The fall killed him, of course, but Paul raised him from the dead. Then he continued preaching until daybreak (20:11). It is amazing that this unusual miracle is treated like any other "normal" miracle.

For some reason Paul separated himself from the rest of the brethren and walked to Assos, while the rest of them went by ship. We are not told the reason, but presumably it was because Jews from the synagogue were watching Paul's movements. At Assos, Paul joined them on the ship and came to Mitylene, then Chios, then to Samos, and finally to Miletus. They bypassed Ephesus deliberately, knowing that once they got to talking, it would be hard to get away. They needed to get to Jerusalem by Pentecost (20:16).

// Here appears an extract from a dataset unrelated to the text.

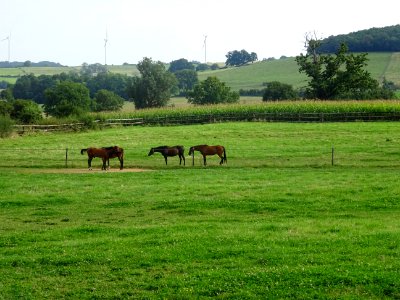 Chevaux au pré entre Lucy-le-Bois et Vassy, Yonne 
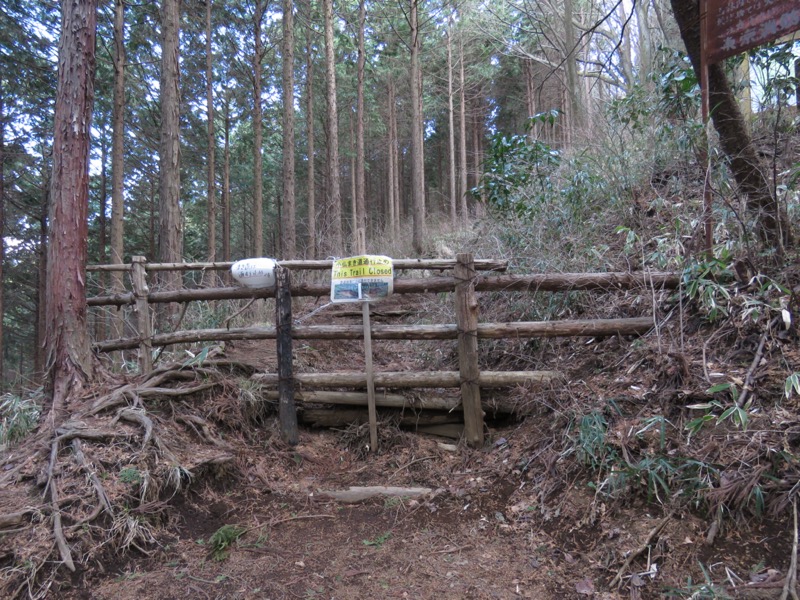 陣馬山、高尾山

Even so, Paul sent word to Ephesus and had them meet him in Miletus, where he gave them a final message in Acts 20:17-35. Paul knew by revelation that this was the last time he would see them, as we read in verses 37 and 38,

" (37) And they began to weep aloud and embraced Paul, and repeatedly kissed him, (38)grieving especially over the word which he had spoken, that they should see his face no more. And they were accompanying him to the ship."

From there, Paul and his friends set sail for Cos, Rhodes, Patara, and then to Tyre, where the ship had to unload cargo (21:3). They spent a week visiting the brethren in Tyre, who urged Paul not to go to Jerusalem. From there the ship sailed to Ptolemais and then to Caesarea, where they stayed at the house of Philip the Evangelist. It is doubtful if Cornelius was still there, since his conversion had taken place 24 years earlier.

To see a map showing the route of this trip to Jerusalem, see:


The prophet Agabus then came from Judea and confirmed to Paul that he would be arrested. They urged Paul to stay away from Jerusalem, but Paul knew that this revelation was not so that he could avoid arrest, but so that he would know ahead of time that his arrest was the will of God for him. Surely that knowledge would comfort him in the trying days ahead.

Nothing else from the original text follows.